RECORDS FOR THE EXERCISE:
☆ ☆ ☆ ☆
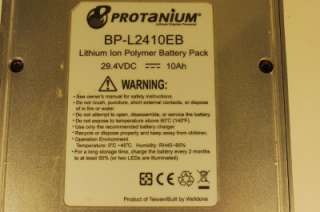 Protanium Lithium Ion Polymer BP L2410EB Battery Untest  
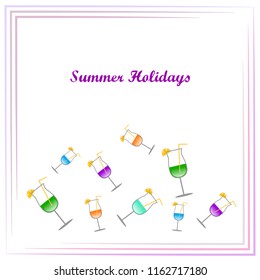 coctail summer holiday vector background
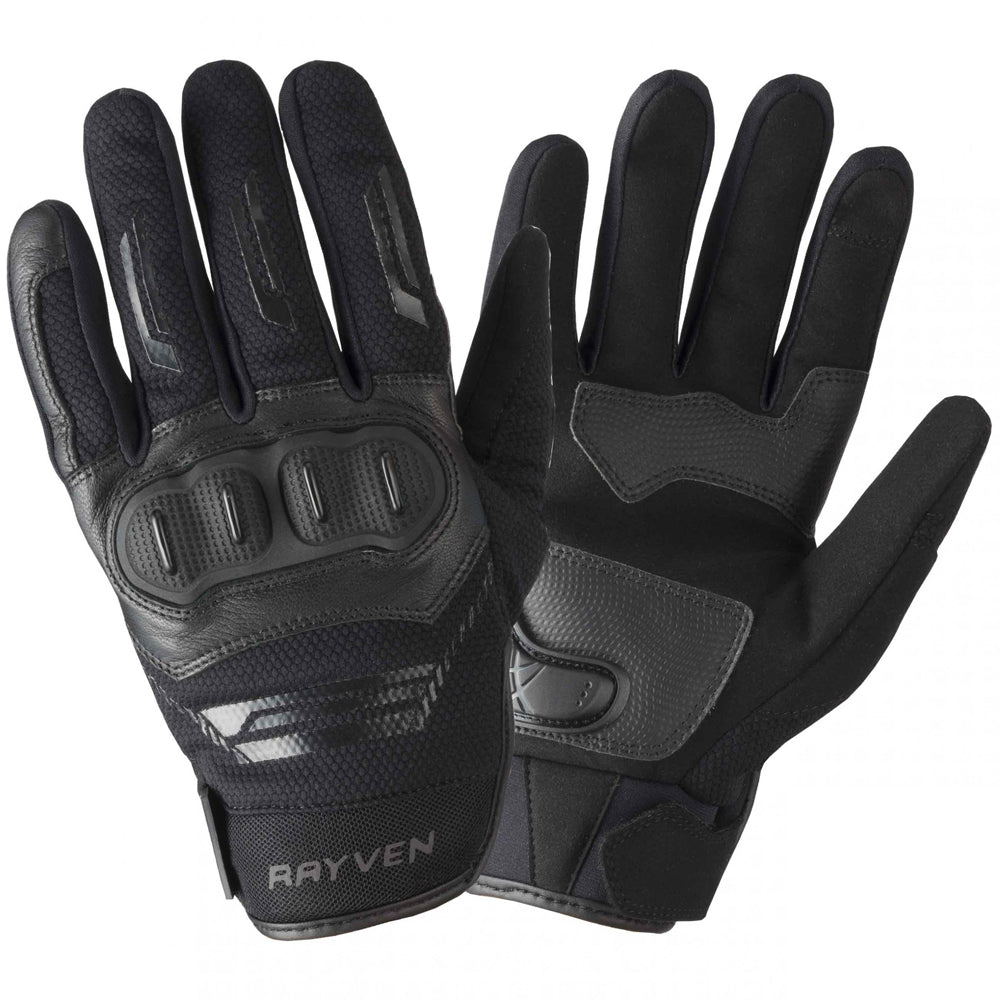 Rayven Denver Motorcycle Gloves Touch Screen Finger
☆ ☆ ☆ ☆
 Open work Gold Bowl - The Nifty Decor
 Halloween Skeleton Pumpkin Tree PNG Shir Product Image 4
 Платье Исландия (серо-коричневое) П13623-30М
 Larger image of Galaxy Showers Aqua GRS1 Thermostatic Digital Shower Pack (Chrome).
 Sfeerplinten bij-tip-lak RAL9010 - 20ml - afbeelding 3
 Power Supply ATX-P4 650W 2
☆ ☆ ☆ ☆
WORK ORDER: In the records above, copy exactly everything from the line that has "Protanium Lithium Ion" down to the line that has "Rayven Denver Motorcycle", both ends included, and leave out the pictures.

RESPONSE:
 Protanium Lithium Ion Polymer BP L2410EB Battery Untest  
 coctail summer holiday vector background
 Rayven Denver Motorcycle Gloves Touch Screen Finger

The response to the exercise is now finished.